Dersu Uzala (Russian: Дерсу Узала, Japanese: デルス·ウザーラ; alternative U.S. title: Dersu Uzala: The Hunter) is a 1975 Soviet-Japanese biographical adventure drama film directed and co-written by Akira Kurosawa, his only non-Japanese-language film and his only 70mm film.

The film is based on the 1923 memoir Dersu Uzala (which was named after the native trapper) by Russian explorer Vladimir Arsenyev, about his exploration of the Sikhote-Alin region of the Russian Far East over the course of multiple expeditions in the early 20th century.

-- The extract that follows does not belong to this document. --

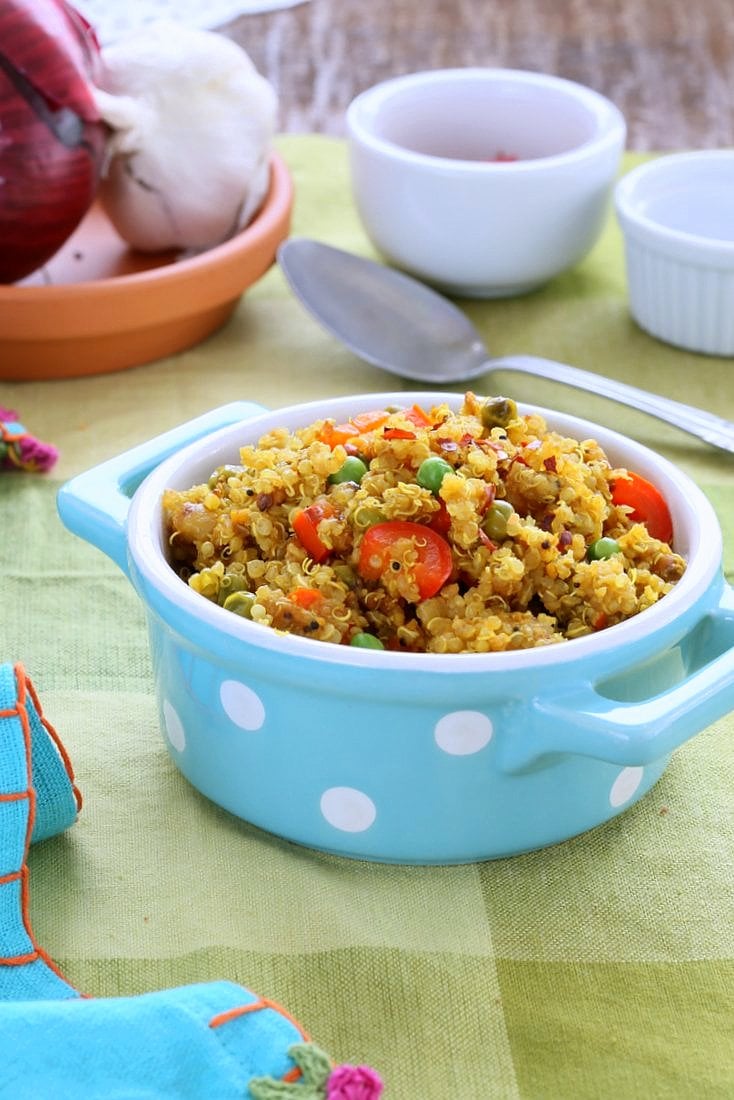 South Indian Quinoa Salad in a blue polka dot dish with spoon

Shot almost entirely outdoors in the Russian Far East wilderness, the film explores the theme of a native of the forests who is fully integrated into his environment, leading a style of life that will inevitably be destroyed by the advance of civilization. It is also about the growth of respect and deep friendship between two men of profoundly different backgrounds, and about the difficulty of coping with the loss of capability that comes with old age.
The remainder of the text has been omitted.